For many English language teachers, learning another language
was the route into the profession. This was true for me. Raised in the
Midwestern United States, in a community where the home languages of my
own family and those of my classmates were already assimilated into
English (or at least invisible in school), I first encountered a second
language in the classroom. The choices were French and Latin: the first
taught by audiolingual methodology and the second taught by
grammar-translation. Creative communication was neither goal nor
pedagogy for either.
It was in the hills of southern Vermont in 1972 when I first
experienced a different approach: a 3-week immersion course in modern
Greek in preparation for a semester abroad in Greece with the Experiment
in International Living. With a homestay in northern Greece and 2
months of study and individual travel later, I learned to communicate
with others in a second language at a level I have not achieved since.
This experience in language and cultural immersion created the
foundation of a life spent in English language teaching (ELT) to
international students in the United States, along with an immense
sympathy for the dynamics of language study and the conditions that
facilitate or hinder it.
I returned to the United States to continue my education, which
included years in a Chinese-speaking immigrant community during
graduate school. As my professional life developed, however, I found
myself increasingly immersed in an English-speaking world, punctuated by
travel and work outside the United States. Teaching English in Mexico,
traveling to other countries in Latin America and Asia, enrolling a
large population of Arabic-speaking students at our language center in
Philadelphia—all these led to intensive short-term language study or
what Henry, Davydenko, and Dörnyei (2015) refer to as directed
motivational currents for language study.
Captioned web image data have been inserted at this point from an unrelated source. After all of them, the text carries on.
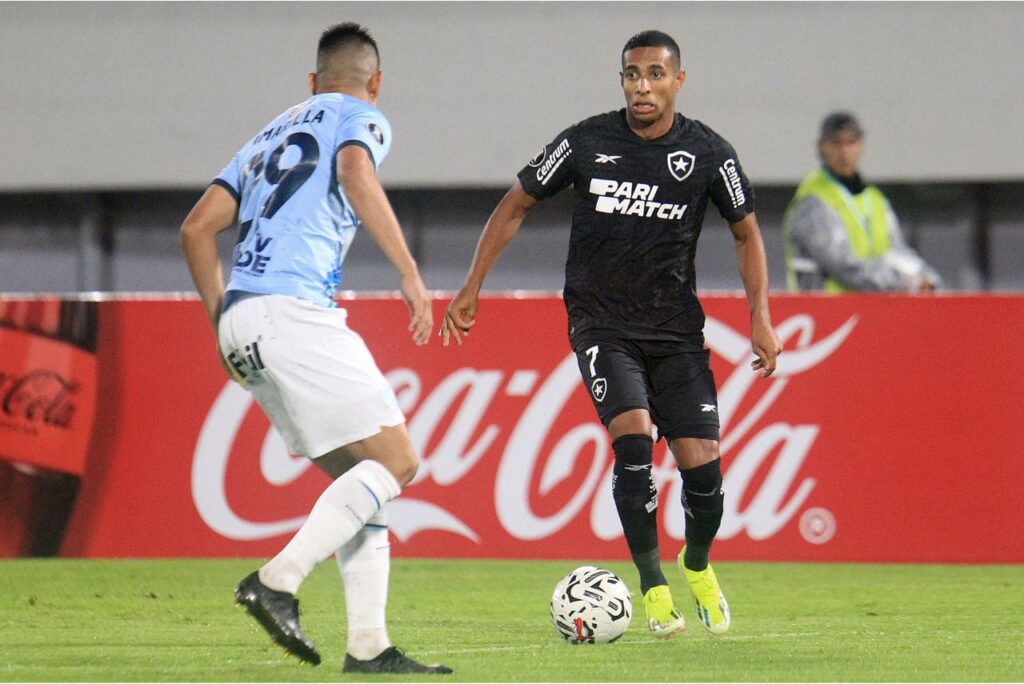 Victor Sá em campo pelo Botafogo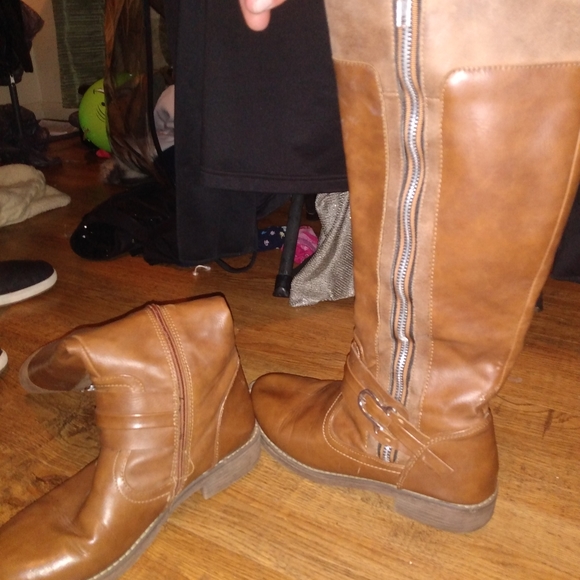 Stephany Boots - Picture 1 of 4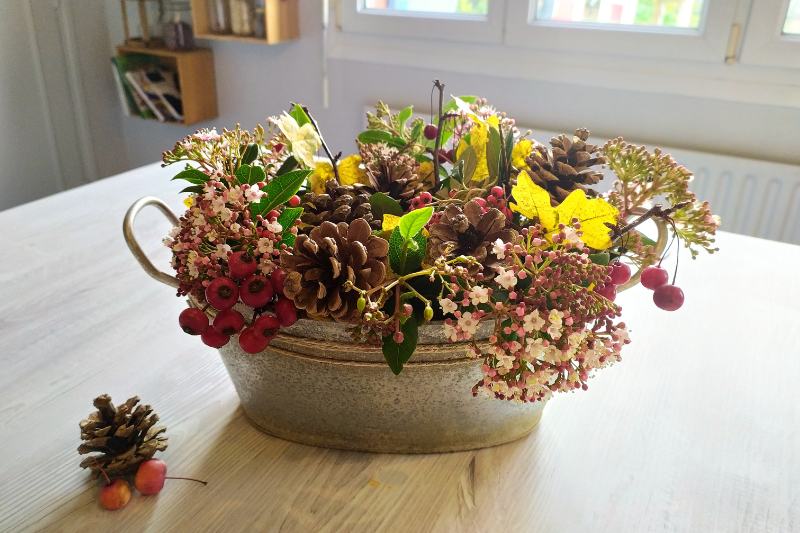 Une décoration de table automnale simple et florale.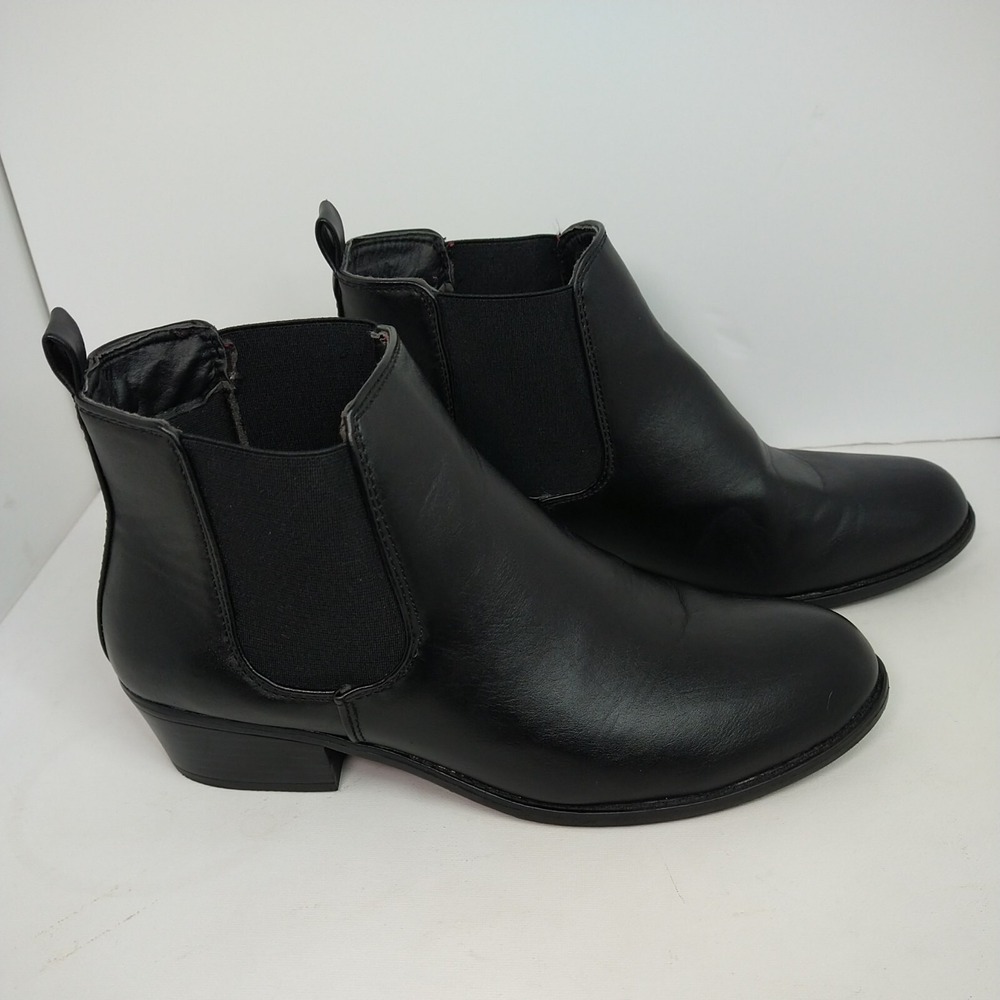 Refresh women's shoes bootie black  Faux leather Size 10M‎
However, these experiences only underscored the reality of my
language use. English was not only the language of my family and wider
community but the language of my profession. In fact, I felt that it was
my professional responsibility to use English with my students, beyond
symbolic words of welcome. Even with international friends, colleagues,
visitors, and neighbors, English became the default language, especially
in mixed groups and for those with high proficiency. For those with low
proficiency, I understood how to modify my language, become the
sympathetic interlocutor to scaffold conversation with anyone, even the
lowest proficiency speaker. This became a competency I relied on to
facilitate communication.
However, I began to feel inauthentic. Administering an
intensive English program, I lived in a world of student language
learners who were pursuing language study. I went to events sponsored by
the modern languages and area studies departments and continued to
extol the virtues of second language study to my university colleagues
on global studies committees. All this while not having a serious second
language to call my own.
How could I ever hope to become fluent or gain any real
competency in a language other than English in the face of professional
and family responsibilities and the lack of a genuine context for
communication? Increasingly, I began to see my situation as indicative
of a larger problem within the ELT community. At the university-based
intensive English program that has been the center of my professional
life, many faculty do have ongoing use of a second language through
family, friends, travel, or study. However, there are also others like
me, long-termers in the field who no longer have a serious second
language study. Within the United States and even when traveling
overseas, given the worldwide spread of English, it has become
increasingly easy to live in an English-only world or at least an
English-speaking world with only marginal, symbolic excursions into
other languages.
I began to see the question of second language study as a
professional development issue for our field. At TESOL 2015, I proposed a
discussion group on this issue, with the purpose of examining “issues
relating to our developing a continuing L2 language learning practice
throughout our lives as language teachers.” I was curious and just a
little nervous about whether anyone else would be drawn by this topic.
Did it concern only me?
Twelve to fifteen people came to this discussion group, some
with curiosity and some with a great deal of eagerness to talk. The
majority were native English-speaking teachers with much the same
experience that I had—an early interest and competence with a second
language that had dwindled over time. Another participant was a
nonnative English-speaking speaker who felt he was losing competence in
his first language as an ESL teacher in the United States without other
members of his speech community to converse with. Several others did not
share their stories but just listened.
Notable to me was the hopelessness expressed by several
participants about reclaiming the lost fluency of a second language
competency achieved years ago or achieving fluency in any language in
the future. As language teachers, we understood the effort, purpose, and
ongoing context for communication that is needed to facilitate and
maintain fluency in a second language. This goal had come to seem
unachievable in light of the English dominance of our personal and
professional lives.
The most encouraging aspect of our discussion was when we began
to reformulate the goal from fluency to the notion
of a practice. Perhaps there would be value in
engaging in language study just as we might engage in meditation or
exercise, as a focused activity with intention, a
practice rather than pursuing the elusive goal of fluency. What would
this look like? How would we establish a practice? What goals would we
set? How would we find others with whom to communicate? We had time only
to begin considering these questions. We talked about how we missed
language learning for its own sake. Indeed, personal benefits and
enjoyment are prominent among the 700 reasons for studying languages
enumerated by Gallagher-Brett (2005). We noted that new neurolinguistic
research shows that even short-term study of a second language results
in changes in the brain (Yang, Gates, Molenaar, & Li, 2015).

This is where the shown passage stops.